Radio Script #813
Little Talks on Common Things
September 28, 1969
On one of the summer broadcasts I asked listeners for more information about the old Congregational Church that long preceded the Adams Memorial at Getchells Corner in Vassalboro. At once Raymond Manson. a resident of Waterville. but formerly of Vassalboro. where he is still an influential officer in the Vassalboro Historical Society, has responded to my request. On the town of Vassalboro and on the old Oak Grove Seminary (now the Oak Grove School for Girls) Mr. Manson is an authority.

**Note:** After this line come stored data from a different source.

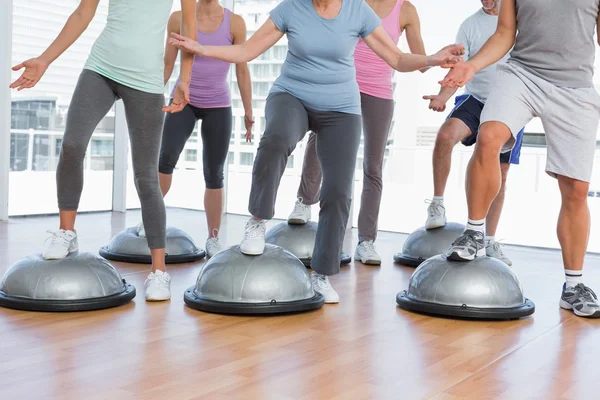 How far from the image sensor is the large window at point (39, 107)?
19.9 feet

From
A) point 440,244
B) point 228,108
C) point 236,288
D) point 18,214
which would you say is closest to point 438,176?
point 440,244

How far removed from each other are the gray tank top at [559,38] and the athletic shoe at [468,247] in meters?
0.72

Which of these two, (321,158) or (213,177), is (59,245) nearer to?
(321,158)

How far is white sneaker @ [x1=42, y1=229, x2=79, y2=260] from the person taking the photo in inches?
121

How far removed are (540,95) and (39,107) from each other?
14.5 ft

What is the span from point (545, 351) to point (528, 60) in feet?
4.04

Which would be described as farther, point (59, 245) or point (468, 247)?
point (468, 247)

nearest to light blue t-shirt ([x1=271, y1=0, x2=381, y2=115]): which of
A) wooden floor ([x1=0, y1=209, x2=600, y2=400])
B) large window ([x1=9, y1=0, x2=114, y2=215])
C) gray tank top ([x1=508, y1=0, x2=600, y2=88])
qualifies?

On this earlier broadcast I stated that the old Vassalboro meeting house of the Congregationalists was sold in the 1840’s. Mr. Manson now supplies detailed information. He tells me that the old building was erected in 1816. when the Reverend Thomas Adams was busy establishing or reviving churches of the orthodox Congregational faith in the Kennebec Valley. The original builders and proprietors of that first meeting house at Getchells Corner were Samuel Redington, John Hall and Thomas Carlton. The exact size of the building is not given in the records. but it did have a gallery in addition to the main floor. Until 1831 the only heat came from a single stove, and those seated farthest from it could get pretty well chilled before the end of the long service customary in those days. A second stove installed in 1831. brought some relief. Five years later a second Congregational Church was organized in Vassalboro, but in 1840 it united with the older church.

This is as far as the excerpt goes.